Tras el postre, dieron excelentes discursos D. Agustín, presidente de UNA VOCE Córdoba; el sacerdote que ofició la Santa Misa –el franciscano Padre Joaquín-, y el Padre D. Alberto González Chavez, quien por cierto nos sorprendió con su espectacular voz, cantando la conocida canción del sembrador, de la zarzuela “La rosa del azafrán”. Pero con ser asombrosa interpretación –digna de un barítono de prestigio-, lo más importante fue su brillante reflexión sobre la necesidad de fortalecer fuertes vocaciones cristianas, ya sean llamadas a la vida consagrada (que él acertadamente consideraba como las mejores), o a cualquier otro estado, como la vida matrimonial. Presentó a dos jóvenes del grupo tradicional de Córdoba, que habían ingresado –o iban a ingresar- en el seminario, los cuales me admiraron no sólo por la rotundidad de su fe y su vocación, sino por su solidez humana. Al igual que muchos chicos y chicas de UNA VOCE CÓRDOBA, los cuales hablaron públicamente –animados por D. Alberto, al que todos tenían como un padre-. Y me quedé fascinado por el sincero amor con el que seguían a Cristo, vivían su fe católica y percibían la belleza de la Misa Tradicional. Y noté que era la Gracia del Señor quien fortalecía la fe de esos chavales (que no superaban los veintipocos años), y que esa Gracia les había verdaderamente regalado, como don añadido, una gran madurez personal, convirtiéndoles en hombres y mujeres adultos de fuerte personalidad, rotundas convicciones e inmensa fuerza para la lucha contracorriente. Lucha de la que todos ellos –como un valiente ejército- eran conscientes, pues sin excepción conocen perfectamente que “quien quiera vivir piadosamente en Cristo Jesús sufrirá persecución” (2 Tim. 3,12).

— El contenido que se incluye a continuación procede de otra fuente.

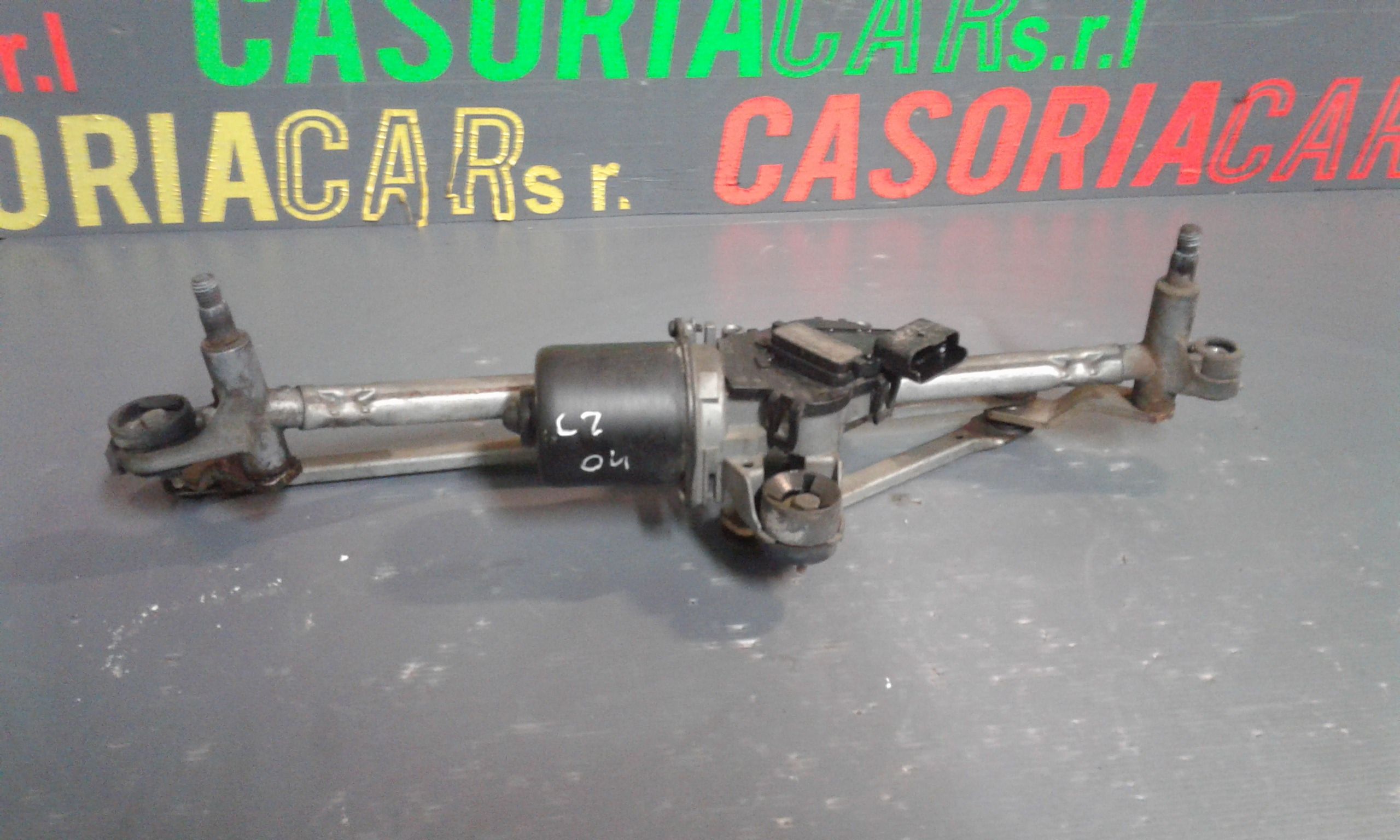 Motorino tergi ant completo di tandem CITROEN C2 1 Serie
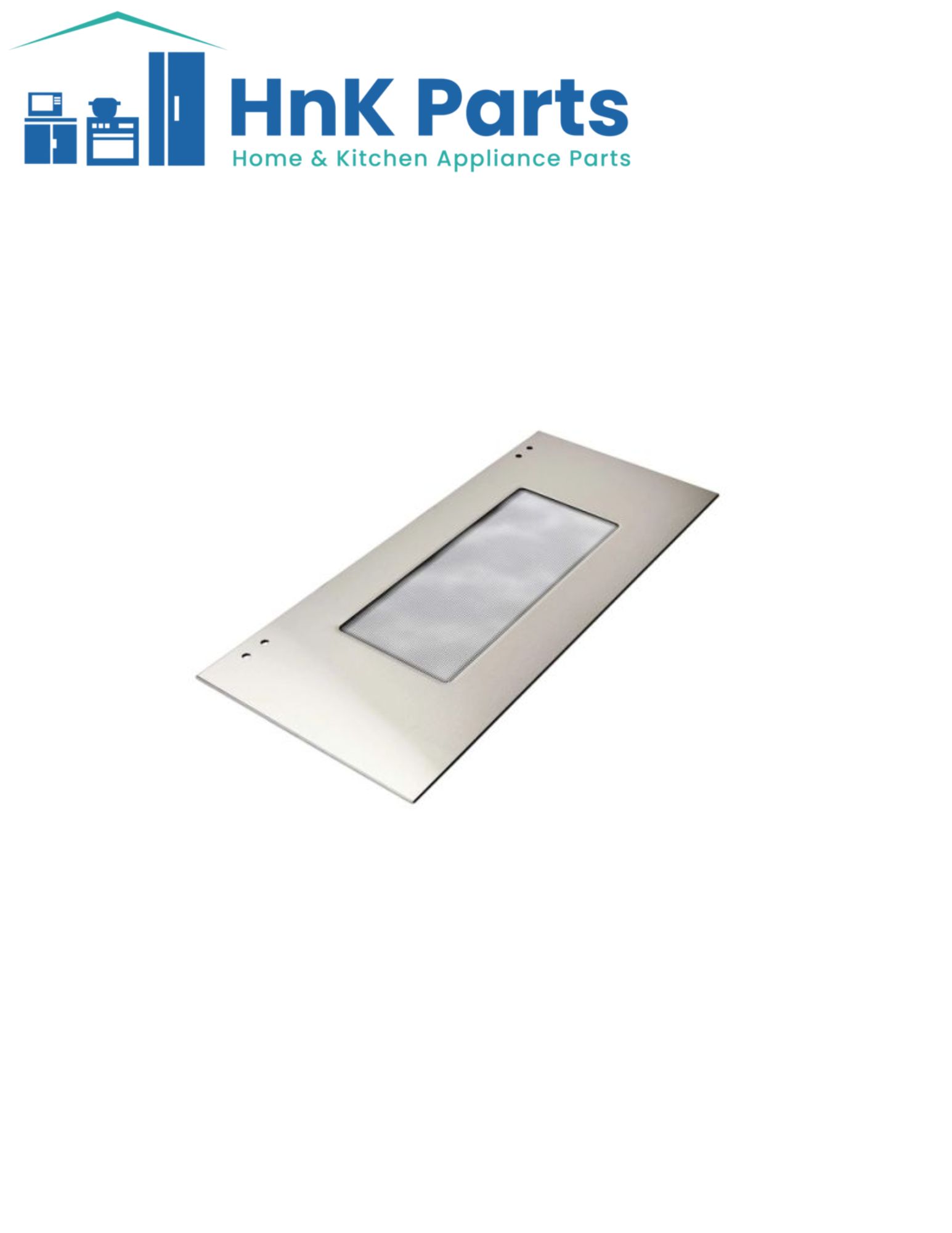  Whirlpool WP4452259 Microwave Outer Glass Door Panel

Palpé con mi alma –si así puede decirse- la virtud de la esperanza, que agregada a la fe (fortalecida tras la Santa Misa), y la caridad, (infundida por esa dulce mediadora de la Gracia que es la bienaventurada Virgen María), convirtió la jornada de Lucena en uno de esos recuerdos que retiene la mente, precisamente porque están repletos lo que más nos falta en estos tiempos recios: de esperanza.


Esperanza en un resurgir de nuestra fe, probablemente unido a pruebas tremendas que aún no han llegado, pero que no tardarán. Y certeza en que ese resurgir, brotará como pequeño grano de mostaza, de la veneración de los jóvenes por la Misa Tradicional.

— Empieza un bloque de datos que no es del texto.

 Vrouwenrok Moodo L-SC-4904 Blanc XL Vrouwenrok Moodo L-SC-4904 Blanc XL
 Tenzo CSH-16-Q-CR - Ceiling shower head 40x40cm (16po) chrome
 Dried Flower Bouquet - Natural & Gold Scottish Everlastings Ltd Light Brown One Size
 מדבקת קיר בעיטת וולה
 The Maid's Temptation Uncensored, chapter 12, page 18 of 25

¡Pastores de la Iglesia, por qué nos despreciáis, y no queréis comprender que ahí está la única salida a ese túnel de oscuridades del que hablaba Pablo VI! ¡No seáis guías ciegos!


En fin, nos despedimos todos tras esa deliciosa velada, y volvimos a Sevilla. En mi coche conducía yo, e iban Javier Quintana, vicepresidente de UNA VOCE SEVILLA, y dos chavales, uno llamado Javier, y Catalina, una chica colombiana, asidua a la Misa Tradicional de Sevilla (actualmente suspendida). Ésta nos propuso durante el viaje rezar el rosario, y a todos nos pareció bien. Era sábado, y pensaba que los Misterios de ese día eran los gozosos, pero ella me aclaró que en el Rosario Tradicional, correspondían los gloriosos. Estuvimos rezando –en latín- cada misterio, y al llegar al último “La coronación de la Virgen María como reina de Cielo y tierra”, sólo pude pensar con el corazón rebosante de alegría y esperanza, en aquella profunda frase de San Ignacio de Antioquía:

“la fe es el principio, pero la Caridad es el término”.